The Reserve Bank of Australia’s decision to cut the official cash rate has again typically had it fair share of critics. Some commentators suggest the RBA should not have cut rates as the economy is still travelling along relatively well, while others suggest the RBA has left its rate cutting efforts too late, which is why inflation is now too low for comfort.
My take is the RBA did what it needed to do, and at precisely the right moment.
We need to remember that RBA’s ultimate target is not inflation per se, but rather maximum sustainable economic growth and low unemployment. The RBA aims to maximise economic growth – and minimise unemployment. Simply going for short-term growth alone, however, risks allowing inflation to break out to troublesome levels, which in turn could disrupt economic growth and employment over the long-run.
So the RBA aims to maximise growth subject to a constraint – namely that inflation is not allowed to consistently move above or below a 2 to 3 per cent range. If inflation is a non-binding constrain, as it is at present – and we retain spare capacity in the form of a higher than necessary level of unemployment – the RBA can afford to set its sails for stronger growth, even if the is still far from recession.
This is exactly what the RBA argued in its latest (August) Statement on Monetary Policy. It said “while the prospects for economic growth are positive, there is room for even stronger growth.”
In other words, low inflation afforded the RBA an opportunity to encourage the economy to growth at an above-trend pace, such that we might expect a decent decline in the unemployment rate ( to 5% or less) and a lift in wages growth to levels more consistent with the RBA’s long-run 2 to 3 per cent inflation target.

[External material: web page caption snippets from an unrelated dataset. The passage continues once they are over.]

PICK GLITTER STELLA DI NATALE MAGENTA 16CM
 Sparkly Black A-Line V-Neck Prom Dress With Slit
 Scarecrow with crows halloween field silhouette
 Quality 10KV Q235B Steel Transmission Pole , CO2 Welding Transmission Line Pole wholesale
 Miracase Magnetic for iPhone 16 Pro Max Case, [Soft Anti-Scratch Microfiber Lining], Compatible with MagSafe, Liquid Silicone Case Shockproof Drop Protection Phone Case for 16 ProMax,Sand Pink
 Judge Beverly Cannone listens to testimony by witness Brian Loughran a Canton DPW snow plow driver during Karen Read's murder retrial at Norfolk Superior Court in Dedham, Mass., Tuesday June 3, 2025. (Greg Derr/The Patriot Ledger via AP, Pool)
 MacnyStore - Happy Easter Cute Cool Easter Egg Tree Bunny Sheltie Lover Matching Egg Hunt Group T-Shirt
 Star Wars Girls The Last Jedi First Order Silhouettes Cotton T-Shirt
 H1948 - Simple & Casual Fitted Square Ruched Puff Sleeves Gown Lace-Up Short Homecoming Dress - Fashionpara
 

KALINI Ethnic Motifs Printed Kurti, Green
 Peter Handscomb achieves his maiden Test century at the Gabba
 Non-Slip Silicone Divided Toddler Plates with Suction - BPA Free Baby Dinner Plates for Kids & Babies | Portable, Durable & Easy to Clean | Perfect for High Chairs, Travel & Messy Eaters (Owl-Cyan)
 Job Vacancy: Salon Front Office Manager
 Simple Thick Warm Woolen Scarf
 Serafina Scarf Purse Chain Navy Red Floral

The June quarter CPI result did not need to be lower than the RBA was expecting to justify the latest rate cut. Merely the CPI needed to confirm that annual underlying inflation was as low as the RBA thought it would be – namely at 1.5%, the same as in the March quarter.
You may not agree with what the RBA is up to, but this is the best way to understand what it is doing.
The RBA is not necessarily expecting to get inflation up anytime soon. Nor is it unduly worried about the economy. Rather it simply feels that it has the ability to help reduce unneeded spare economic capacity – without risking overly high inflation – then it should do so. And given the RBA expects inflation to remain very low for the one to two years, there’s a good chance it will feel the need to cut rates further.
Of course, that then opens up two other debates. First, are low interest rates really having any effect in boosting economic growth? Clearly, low interest rates are not having the effect they once did: highly indebted households are more cautious about spending and are just as likely to use lower interest rates to pay down debt more quickly. And it’s also true our swelling ranks of retirees mean more households are dependent on interest income, which clearly falls as interest rates fall.
But on balance, the RBA feels – rightly in my view – that the net impact of lower interest rates is stimulatory. After all, with interest-bearing deposits taking up a smaller share of household balance sheets (in preference to equities and property), households are still net-payers of interest.
Lower interest rates also have other important effects – such as helping boost the value of housing and equity wealth (the “wealth effect”), and also making trade-exposed industries more competitive by helping place downward pressure on the $A.
What’s more, if interest rates have less impact on spending these day than it used to – this is arguably and argument to cut rates even more, rather than less.
Although the economy is not booming, moreover, despite lower interest rates – we also need to appreciate the counter-factual. Where would the economy be – such as housing and the Australian dollar – were official interest rates back around 2.5% in a world where of near-zero interest rates in many other parts of the world.
The other argument against lowering interest rates is that it could create destabilising asset price bubbles. This is a good argument, but the RBA now feels (again, correctly in my view) that so-called “macro-prudential” controls are helping to stem excesses in the heated Sydney and Melbourne markets, while bubble concerns (so far at least) are much less evident elsewhere.
That of course leaves the share market. And with price-to-earnings valuations for the S&P/ASX 200 now reaching the top end of their range for the past decade or so, there may well develop concerns that the RBA could be encourage an equity valuation bubble if interest rates stay a lot lower for longer. Valuations for high income defensive sector of the market – like consumer staples and listed property – are reaching nosebleed levels.
To my mind, a potential share market bubble is the biggest risk associated with the RBA’s current approach. But unlike in the case of property, share prices are also driven by global events. And central banks around the world are also at risk of creating share market bubbles unless they change their ways.